GE Aerospace Raises Profit Outlook Amid Declining LEAP Engine Deliveries
By Rajesh Kumar Singh and Shivansh Tiwary
(Reuters) – GE Aerospace raised its full-year profit outlook for the third time this year on Tuesday, but forecast a double-digit decline in LEAP jet engine deliveries due to supply constraints.
The company stated that demand for commercial air travel remains robust, yet material availability and supplier issues continue to disrupt production and delivery of equipment and services.
It sold fewer LEAP engines, which power Airbus and Boeing narrowbody aircraft, in the September quarter compared to a year ago. It now expects LEAP deliveries this year to decline by 10% from the previous year.
As a result, its shares fell about 5% in pre-market trade.
CEO Larry Culp noted that efforts to address supply chain constraints have improved material output from the previous quarter, but added that there is still more work to be done.
> "We're taking steps with our suppliers to increase inputs and within our own operations to expand capacity, ensuring we're positioned to meet this historic demand," Culp told analysts on an earnings call.
GE Aerospace stated that a strike by factory workers at Boeing has not yet had a significant impact on its revenues, earnings, and cash flows.

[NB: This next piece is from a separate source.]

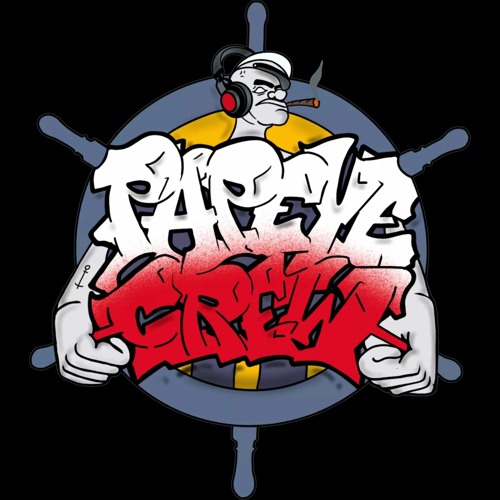 PapEye Crew’s avatar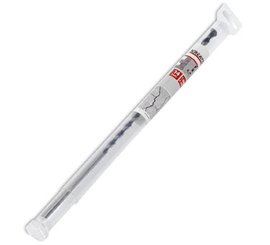 Betonbohrer 14X400 -...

The company has begun shipping its 9X engines for Boeing's new jet, the 777X. Although Boeing has delayed the plane by a year, GE Aerospace expects to increase 9X engine deliveries next year, though the ramp-up may be slower than anticipated.
GE Aerospace holds a dominant share in the engine market for narrowbody jets and maintains a strong position in widebodies. More than 70% of its commercial engine revenue comes from parts and services.

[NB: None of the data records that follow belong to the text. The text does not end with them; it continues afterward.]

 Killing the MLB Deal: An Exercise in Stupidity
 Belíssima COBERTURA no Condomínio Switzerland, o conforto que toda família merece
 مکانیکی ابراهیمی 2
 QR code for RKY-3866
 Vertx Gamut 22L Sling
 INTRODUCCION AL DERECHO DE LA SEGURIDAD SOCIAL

A lack of new planes due to production issues at Boeing and Airbus has compelled airlines to continue flying older planes, resulting in a surge in demand for after-market services.
Strong demand for services, along with price increases, has helped GE Aerospace mitigate the impact of lower engine shipments and improve profits.
Consequently, the company has raised its full-year profit outlook for the third time in seven months, now expecting an adjusted profit of $4.20 to $4.35 per share for 2024, up from a previous forecast of $3.95 to $4.20 per share.
For the quarter ending in September, its adjusted profit came in at $1.15 per share, slightly exceeding the $1.14 per share expected by analysts in an LSEG survey.
GE Aerospace reported $8.94 billion in adjusted revenue for the third quarter, compared to the $9.02 billion anticipated by analysts.